This was the subject of an email I received a year and a half ago. Wary but curious, I opened the message and confirmed that the feminist cunt in question was me.

I didn’t delete the message. Instead, I printed it out and brought it to my local police station, where they added it to a growing file that had started some months earlier, after I published an article in Politico correlating toxic masculinity and mass shootings.
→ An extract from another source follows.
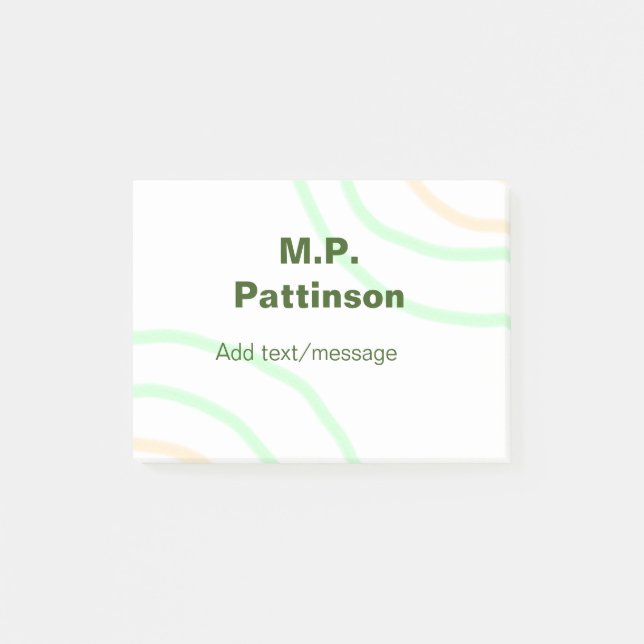 Notas Post-it® Rayas de naranja verde agregar mensaje de texto de (Anverso)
In response to the article, a man I had never met sent me a picture of a mutilated woman accompanied by an incoherent message.

The graphic nature of the image unsettled me in a way his words alone would not have, and persuaded me to file my first police report. Some fellow female journalists encouraged me to do this, in case the threat — and others like it I’d been receiving — escalated to something more serious.

At the time, I was no stranger to cyberbullying. When I wrote about climate change, the gender wage gap, and racial health inequities for the Street, the comments sections of my articles were often filled with hundreds of posts attacking my intelligence, my attractiveness, and my intentions. But I had never before been on the receiving end of a death wish, especially one delivered directly to my personal email account.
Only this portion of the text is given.